▶ [Material for this task]:
::::::::

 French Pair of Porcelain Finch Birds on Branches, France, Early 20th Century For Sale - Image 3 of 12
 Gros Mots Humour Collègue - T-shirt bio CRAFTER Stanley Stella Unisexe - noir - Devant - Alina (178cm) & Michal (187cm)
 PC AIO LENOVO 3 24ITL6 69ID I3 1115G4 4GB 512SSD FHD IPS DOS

::::::::

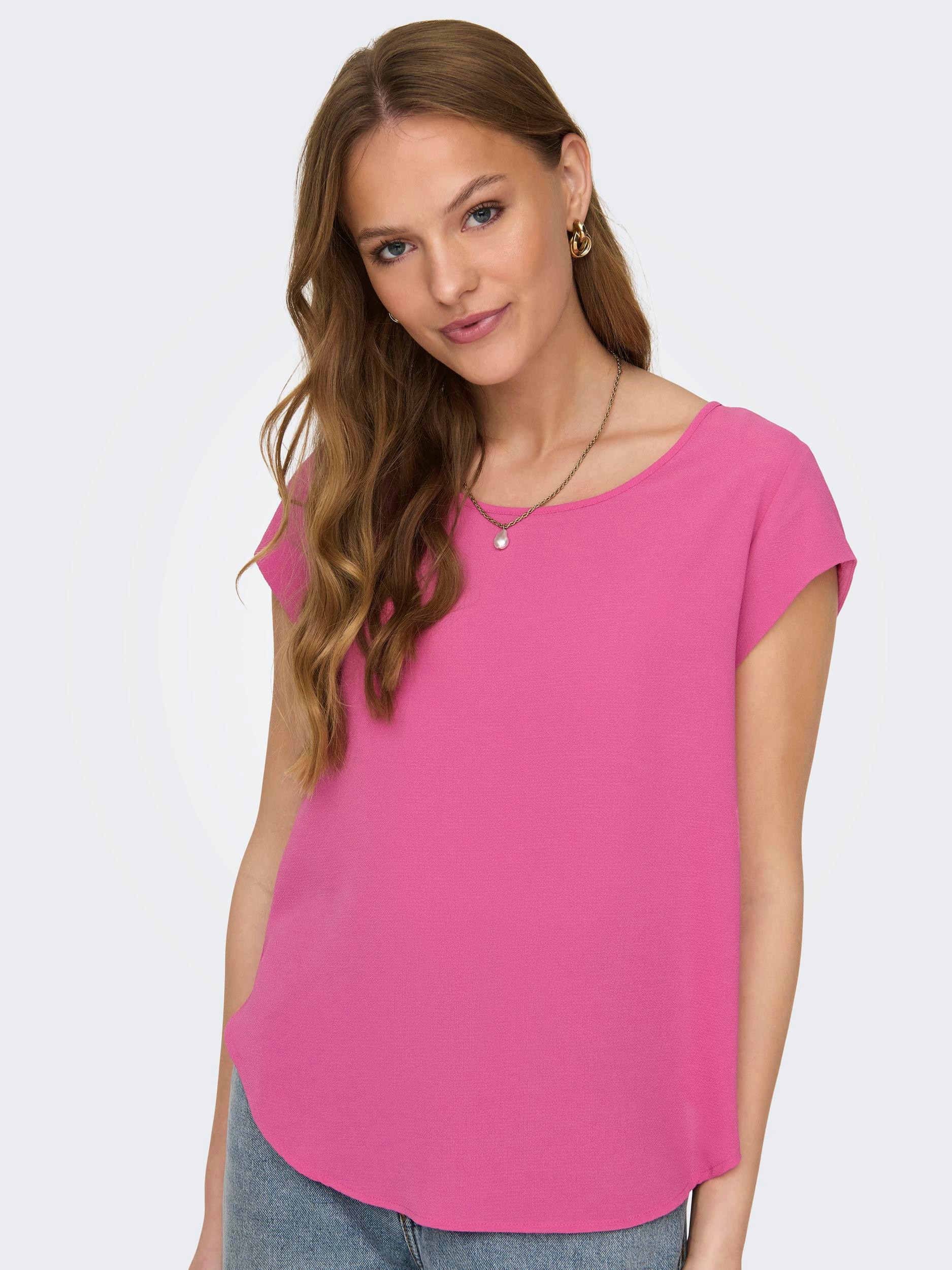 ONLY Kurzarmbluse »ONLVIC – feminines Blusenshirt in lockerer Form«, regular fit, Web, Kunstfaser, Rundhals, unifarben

::::::::

▶ [Task requirements]: Within the material above, transcribe exactly the lines that run from the line holding "Gros Mots Humour" through the line holding "PC AIO LENOVO".

▶ [Exercise solution]:
 Gros Mots Humour Collègue - T-shirt bio CRAFTER Stanley Stella Unisexe - noir - Devant - Alina (178cm) & Michal (187cm)
 PC AIO LENOVO 3 24ITL6 69ID I3 1115G4 4GB 512SSD FHD IPS DOS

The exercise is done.